Paper detail

A new kind of augmentation of filtrations

Let $(Ω,\mathcal{F},(\mathcal{F}_t)_{t \geq 0},\mathbb{P})$ be a filtered probability space satisfying the usual assumptions: it is usually not possible to extend to $\mathcal{F}_{\infty}$ (the $σ$-algebra generated by $(\mathcal{F}_t)_{t \geq 0}$) a coherent family of probability measures $(\mathbb{Q}_t)$, each of them being defined on $\mathcal{F}_t$. It is known that for instance, on the Wiener space, this extension problem has a positive answer if one takes the filtration generated by the coordinate process, but can have a negative answer if one takes its usual augmentation. On the other hand, the usual assumptions are crucial in order to obtain the existence of regular versions of paths for most stochastic processes of interest, such as the local time of the standard Brownian motion, stochastic integrals, etc. In order to fix this problem, we introduce a new property for filtrations, intermediate between the right continuity and the usual conditions.
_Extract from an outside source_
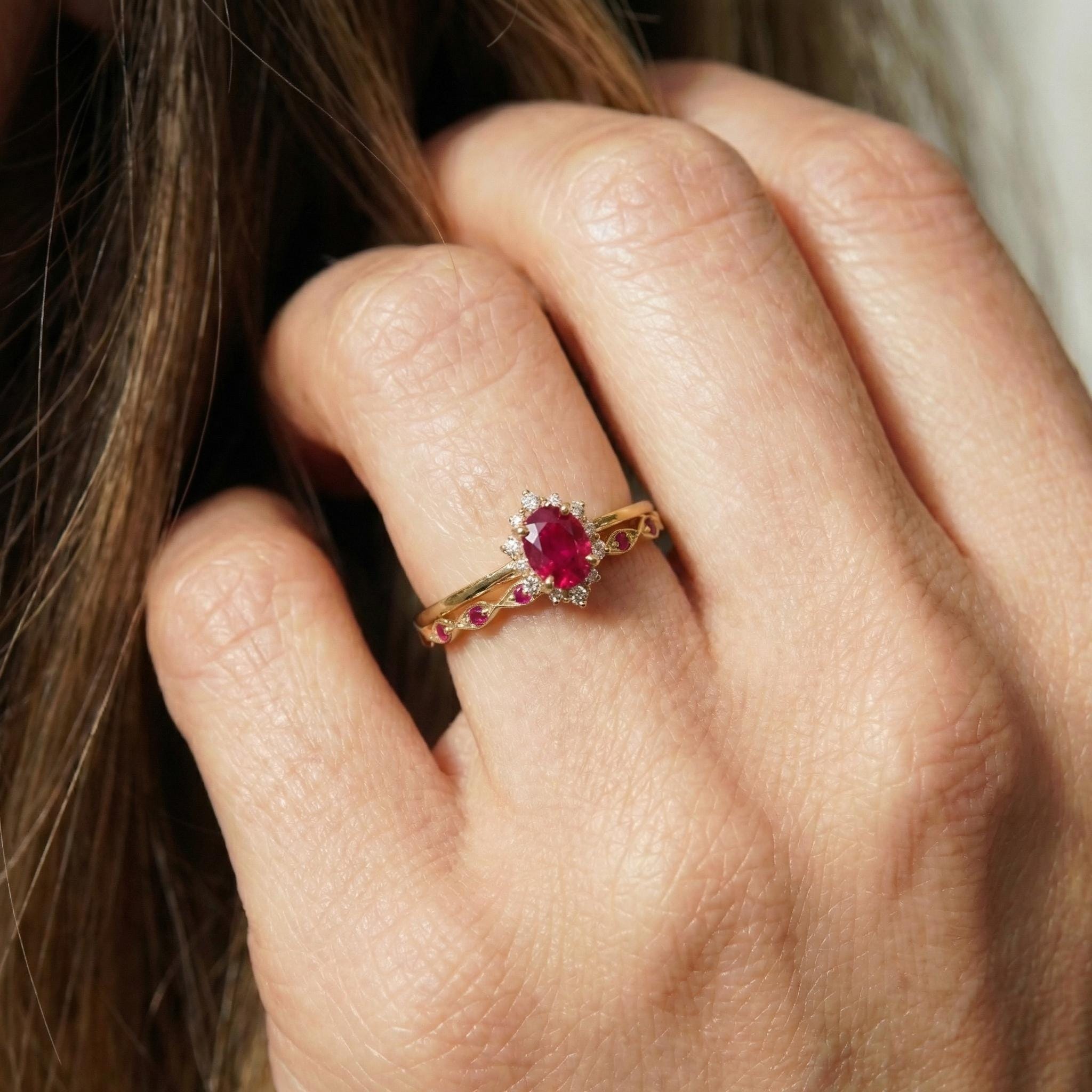 Ruby Halo Engagement Ring Set, Oval July Birthstone Bridal Set, Vintage Gold Wedding Ring, Bridesmaid Gift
We show that most of the important results of the theory of stochastic processes which are generally proved under the usual augmentation, such as the existence of regular version of trajectories or the début theorem, still hold under the N-augmentation; moreover this new augmentation allows the extension of a coherent family of probability measures whenever this is possible with the original filtration.